Morphology appearance of rabbit primary mesenchymal stromal cells (rbMSC) culture, growth differentiation factor 5 (GDF5)-induced rbMSCs (rbMSC/GDF5; TMSC), and rabbit tenocyte (rbTenocyte) (n = 3).
Total collagen expression levels and candidate tenogenic marker expressions in vitro
The total collagen expression levels in GDF5-induced rbMSCs were similar to that of rbTenocytes (Fig. 2D), suggesting that the GDF5-induced rbMSCs underwent tenogenic differentiation with a tenocyte phenotype. In gene expression analysis, the GDF5-induced rbMSCs also showed a significant (p < 0.05) upregulation in COL1A1 and SCX mRNA expression levels (8.76 ± 0.71 folds and 4.12 ± 2.05 folds, respectively; Fig. 2E). The results of immunofluorescence staining revealed that COL-1, TNMD, TNC, and SCX were expressed in the GDF5-induced rbMSCs (Fig. 3). These observations suggest that GDF5 could induce tenogenic phenotypic expression in rbMSCs.
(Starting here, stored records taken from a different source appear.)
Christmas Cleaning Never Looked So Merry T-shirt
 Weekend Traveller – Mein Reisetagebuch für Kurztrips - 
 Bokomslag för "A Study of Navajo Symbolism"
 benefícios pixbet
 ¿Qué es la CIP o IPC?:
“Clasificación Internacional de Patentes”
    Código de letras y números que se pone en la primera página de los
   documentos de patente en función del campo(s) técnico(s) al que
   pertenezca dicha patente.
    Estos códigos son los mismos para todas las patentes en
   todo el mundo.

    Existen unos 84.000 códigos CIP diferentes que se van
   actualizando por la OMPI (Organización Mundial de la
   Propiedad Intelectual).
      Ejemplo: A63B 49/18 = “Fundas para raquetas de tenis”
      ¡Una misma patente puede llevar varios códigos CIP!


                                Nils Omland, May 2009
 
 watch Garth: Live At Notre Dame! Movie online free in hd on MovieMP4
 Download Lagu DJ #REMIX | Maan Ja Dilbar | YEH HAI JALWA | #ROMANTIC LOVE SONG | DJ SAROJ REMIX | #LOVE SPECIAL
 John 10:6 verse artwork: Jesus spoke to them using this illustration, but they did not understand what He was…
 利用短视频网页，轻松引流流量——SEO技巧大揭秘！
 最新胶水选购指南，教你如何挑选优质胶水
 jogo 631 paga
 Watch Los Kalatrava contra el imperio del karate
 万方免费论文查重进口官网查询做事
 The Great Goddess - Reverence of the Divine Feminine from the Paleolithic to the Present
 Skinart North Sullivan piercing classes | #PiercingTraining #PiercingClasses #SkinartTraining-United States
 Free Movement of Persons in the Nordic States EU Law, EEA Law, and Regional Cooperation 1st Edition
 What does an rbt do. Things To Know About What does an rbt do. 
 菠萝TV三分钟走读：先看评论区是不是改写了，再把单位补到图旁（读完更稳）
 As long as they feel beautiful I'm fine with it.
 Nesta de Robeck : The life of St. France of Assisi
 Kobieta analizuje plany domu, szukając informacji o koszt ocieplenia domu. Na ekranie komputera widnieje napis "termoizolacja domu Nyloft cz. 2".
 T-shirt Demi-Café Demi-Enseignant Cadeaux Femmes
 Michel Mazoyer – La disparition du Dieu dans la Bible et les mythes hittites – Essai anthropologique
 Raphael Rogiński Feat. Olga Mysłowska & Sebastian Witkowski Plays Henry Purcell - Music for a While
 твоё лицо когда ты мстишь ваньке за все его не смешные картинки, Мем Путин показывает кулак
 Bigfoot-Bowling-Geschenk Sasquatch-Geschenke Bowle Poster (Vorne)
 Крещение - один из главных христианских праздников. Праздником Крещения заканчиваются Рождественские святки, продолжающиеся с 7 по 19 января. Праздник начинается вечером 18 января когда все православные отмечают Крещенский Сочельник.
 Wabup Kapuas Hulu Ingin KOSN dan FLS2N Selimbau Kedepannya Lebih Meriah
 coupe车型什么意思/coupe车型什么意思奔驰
Immunofluorescence staining of (
Tendon defects transplanted with TMSCs showed enhanced tendon healing in vivo
The animals showed restricted movement up to 3 days after the defects were created. The peritendinous fibrous reaction was noticeable during the second surgery at 3 weeks after the initial defect creation. At the time of harvest at 6 weeks postsurgical repair, animals showed an equal range of motion of the shoulders bilaterally. There was no detectable difference in the activity level of the animals in each group. Macroscopically, there was no gross evidence of infection at the surgical sites (Fig. 4A). In the non cell-based-treated groups (suture only, FG only, and combination of suture and FG), the tendon defect area was filled with pale fibrous scar tissue similar to that of the contralateral untreated infraspinatus tendons (Fig. 4A). Progressive tendon healing was prominent in the TMSC (or GDF5-induced rbMSC) group, where noticeable tendon callus (neo-tendon) formation was observed (Fig. 4B). Early tendon callus formation suggests that the use of TMSCs stimulates neo-tendon formation. We observed no evidence of cartilage formation or ectopic bone formation in any of the specimens. In addition, the histological analysis (H&E and VG) was carefully evaluated for the presence of cartilage or ectopic bone formation. We found no cartilage formation or ectopic bone formation at 6 weeks after tendon repair.

The histological appearance at 6 weeks postsurgical repair for infraspinatus tendon defects treated with suture alone (S), fibrin glue alone (FG), and a combination of suture and fibrin glue (S+FG), compared with that treated with suture and fibrin glue in addition of cells (S + F+ cells), rbTenocytes, rbMSCs, or TMSC, and untreated (control without repair) (n = 3).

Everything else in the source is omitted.